Paul Kerr: Everything Flows

Paul Kerr’s exhibit captures Irish landscapes and organic forms, blending memory, intuition, and metaphysical reflections through his vibrant paintings and drawings

Michael Pearce / MutualArt

Nov 01, 2024

Paul Kerr: Everything Flows

Paul Kerr’s new work slides through the mysterious menstruum between normal perception and the meandering forms of metaphysics, where a delicate spectrum of curves and wriggling organic shapes conspire to combine as evolving and emergent beings of light and color. He paints the countryside of Ireland, or it paints through him, in fields, and flowers, and the fall, revealing the rich enigmas of the fertile and storied earth in forms rising from the gentle chaos loosed upon the land into ordered growth – these are emergent images of the animus loci, portraits of the personality of place.  

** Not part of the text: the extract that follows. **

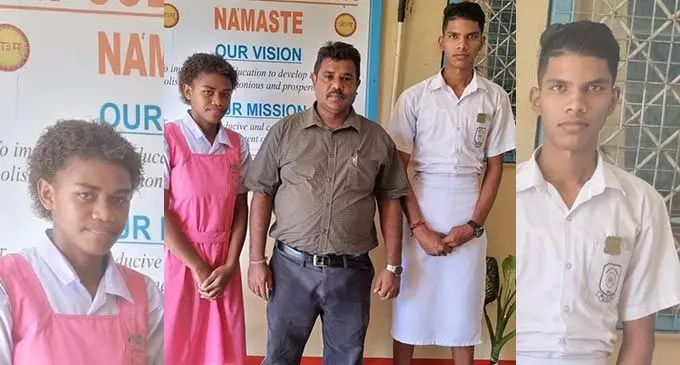 DAV College Ba head girl, Vulori Savori (left), head boy, Ravneel Maharaj, (right) with the school principal, Sanjesh Kumar. Photo: DAV College Ba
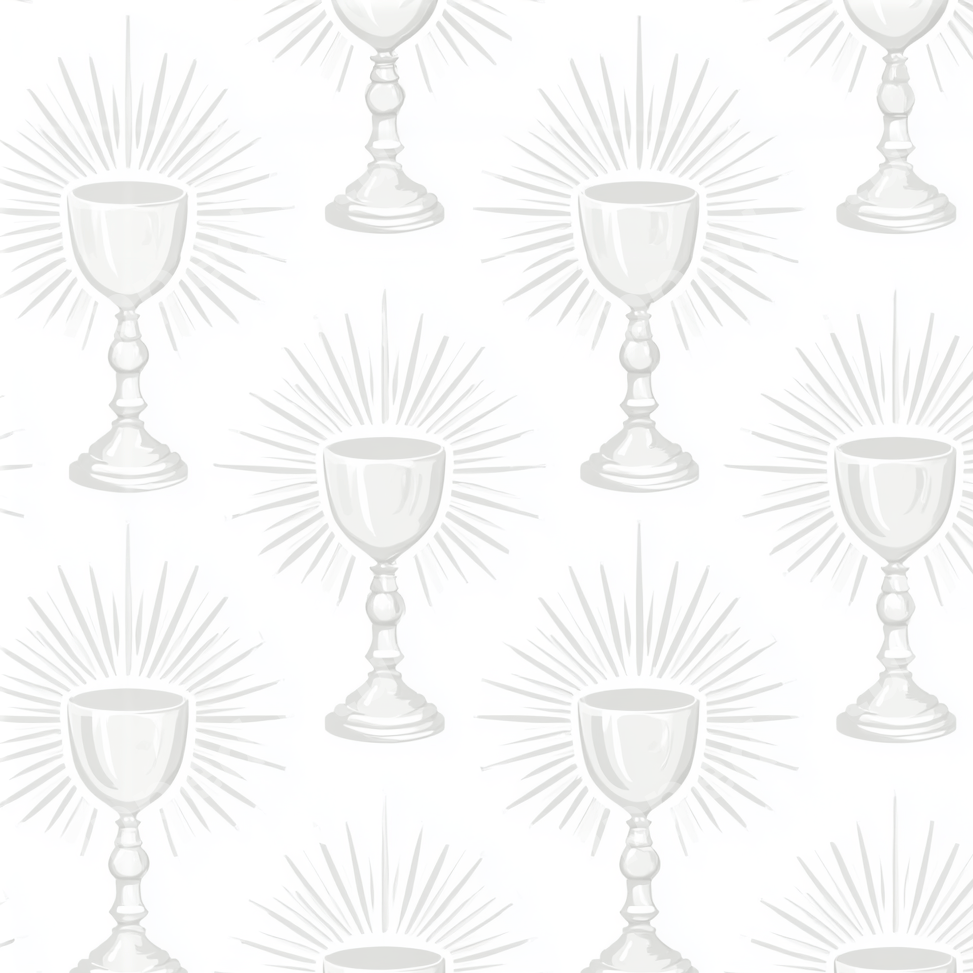Minimalist Christian pattern featuring silver holy communion chalices with sunburst rays on a white background.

Paul Kerr, Welcome To Inch Island, Oil On Canvas, 100 x 140cmPaul Kerr, Welcome To Inch Island, Oil On Canvas, 100 x 140cm

Welcome to Inch Island is one of the older works in the exhibit. The painting is built from Kerr’s memories of the eponymous island, which rises from Lough Swilly, in County Donegal, Ireland, a threshold place set between sea and soil, connected to the mainland by a causeway cutting the water, where with characteristic softness and delicate mists of paint, Kerr finds a mysterious and emerging landscape. “When I go to the island, I often think of Yeats’ poem The Lake Isle of Inish Free,” he said. Yeats wrote,

I shall have some peace there, for peace comes dropping slow,

Dropping from the veils of the morning to where the cricket sings;

There midnight’s all a glimmer, and noon a purple glow,

And evening full of the linnet’s wings.

Kerr scattered a spoonful of the ashes of his mother and brother in a little dell in the land at Inch Island, “Like something you’d see in Middle-Earth,” he said, “a tiny little place, a little stream, wild flowers, they’re there. You could drive past it, and ask, ‘what’s the fuss.’ The fuss is in the beauty of the smallness, the intimacy of it.” Two strange humanoid and hybrid birds standing in profile like sentinels to Ireland’s deep eeriness are his mother and brother. “They’ve gone to another place,” continued Kerr,

Just like we don’t recognize them once they’re gone, they don’t recognize us either. There’s a causeway over to the island, and there’s an old castle on it, there’s a shingle beach and a rocky part of it where it’s difficult to get to, but I often walk around there – there are inlets and coves, and it’s not one of the dramatic islands, but its smallness and its familiarity are what forces you inside. Sometimes when you step before something grand and picturesque, you’re in awe, but you’re not going inside – everything’s outside because you’re overtaken by this image, whereas, there, you have to find the beauty in it because it’s not obvious and shouting at you. When you’re looking at these little places, walking around these small caves and cliffs, for me something happens, it brought back memories, and the memories get mixed up in what I was experiencing that day. It’s as if they were still there. I myself was transformed, but it’s not something I can put my finger on.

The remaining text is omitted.